Furthermore, researchers can confirm that galectin-1 plays a significant role in the cause of type 2 diabetes in individuals, as noted in the Malmo Diet and Cancer Study. In this study, more than 4,000 participants’ blood samples were analysed between 1991 and 1994. The galectin-1 protein levels in the blood samples were analysed to assess the relationship between developing type 2 diabetes around 18 years after the sample was initially collected. However, the authors do not believe that galectin-1 should become a new tool in primary care to predict who may develop diabetes but should be used to understand the disease better.
How does galectin-1 protect patients?
Approximately 463 million adults were living with diabetes in 2019, which is estimated to rise to 700 million in 2045. It has proven to be a complex disease with many factors contributing to its development and has serious complications. Chronic kidney disease is one of the most serious complications, a condition that around half of those with type 2 diabetes develop and can lead to permanent organ damage and premature death if not treated correctly.

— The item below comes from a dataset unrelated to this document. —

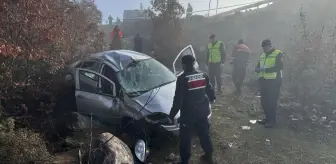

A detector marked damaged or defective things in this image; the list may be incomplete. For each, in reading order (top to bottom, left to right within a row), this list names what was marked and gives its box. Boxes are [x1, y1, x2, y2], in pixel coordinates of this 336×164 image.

shattered windshield [117, 58, 177, 95]
damaged silver car [65, 44, 211, 163]
crumpled car hood [131, 81, 180, 116]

By combining genetic analyses and measurements of galectin-1, the researchers were able to examine the genetic link between galectin-1 and developing diabetes and kidney diseases in another Scania-based investigation called the All New Diabetics in Scania (ANDIS) study. This study previously proposed that diabetes can be separated into five subgroups, and one of those groups would include individuals with a higher risk of diabetic renal disease. Further analysis from the ANDIS study found that elevated levels of galectin-1 may offer protection against kidney damage for this group of patients.